> **AVAILABLE DATA**
****************************************

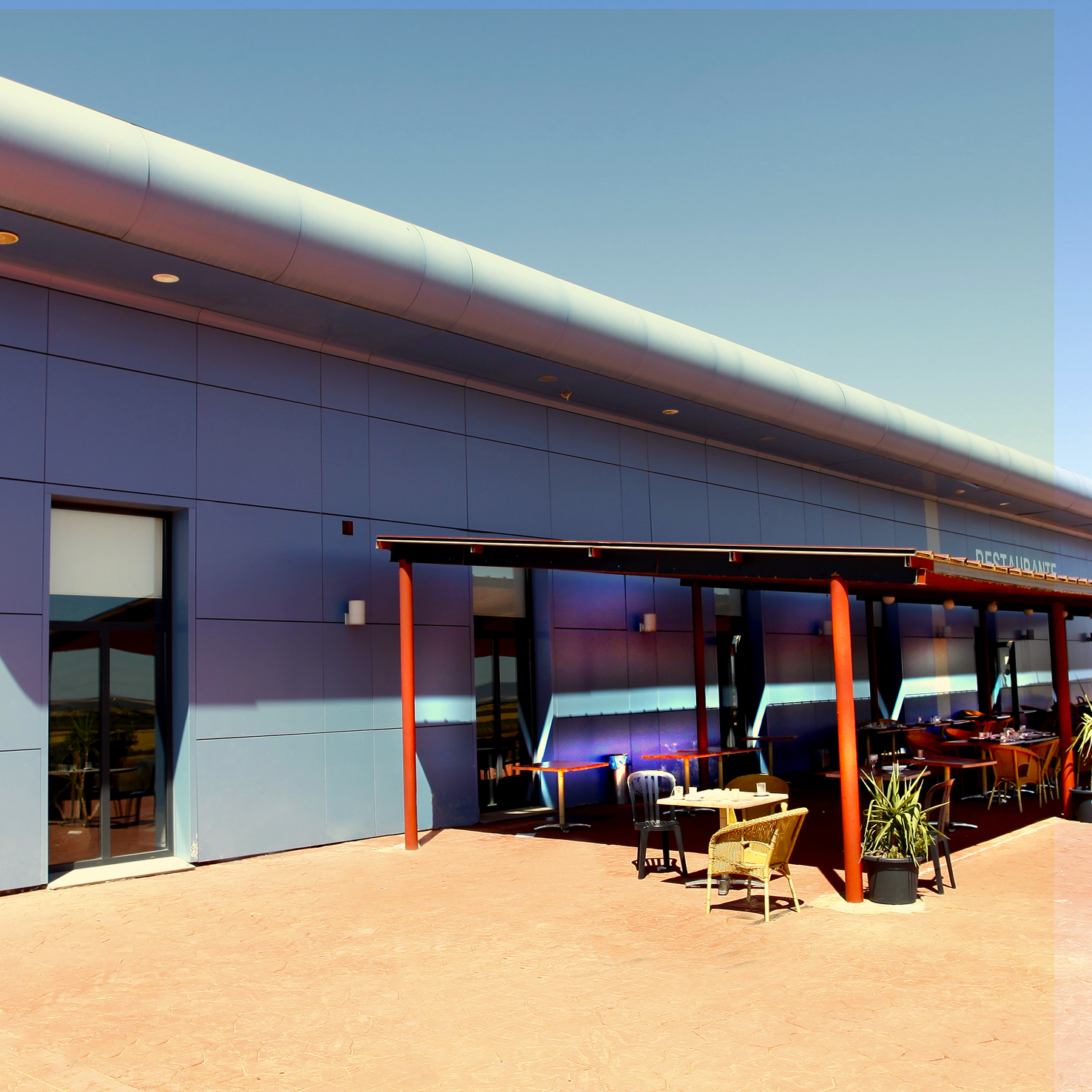 La terraza exterior del restaurante
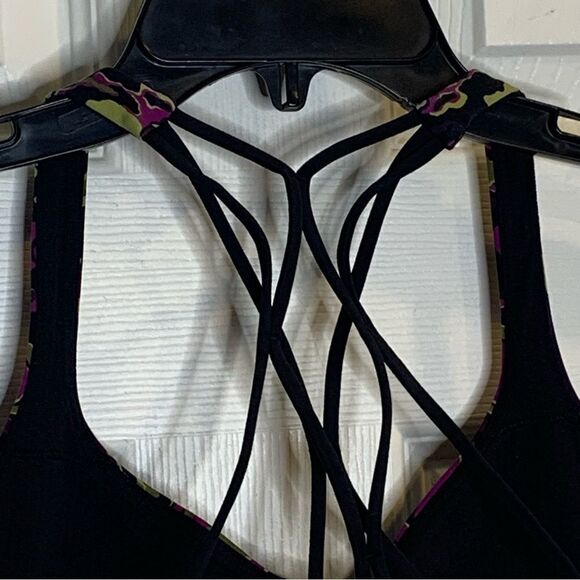 Lululemon Free To Be Zen Sports Bra Size 6 - Picture 9 of 11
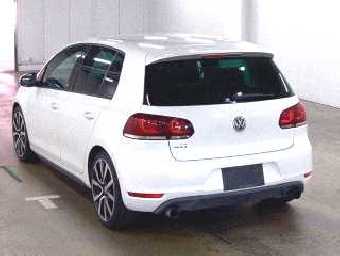 VOLKSWAGEN GOLF 2011 Image 2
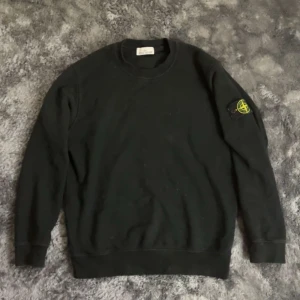 Stone Island - Jättefin men kommer inte till användning längre. Den är stl L och är i bra skick.  Hör av er för frågor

****************************************

> **HOW TO COMPLETE THIS TASK**
In your copy, include no pictures; print every line above exactly.

> **TASK RESPONSE**
 La terraza exterior del restaurante
 Lululemon Free To Be Zen Sports Bra Size 6 - Picture 9 of 11
 VOLKSWAGEN GOLF 2011 Image 2
 Stone Island - Jättefin men kommer inte till användning längre. Den är stl L och är i bra skick.  Hör av er för frågor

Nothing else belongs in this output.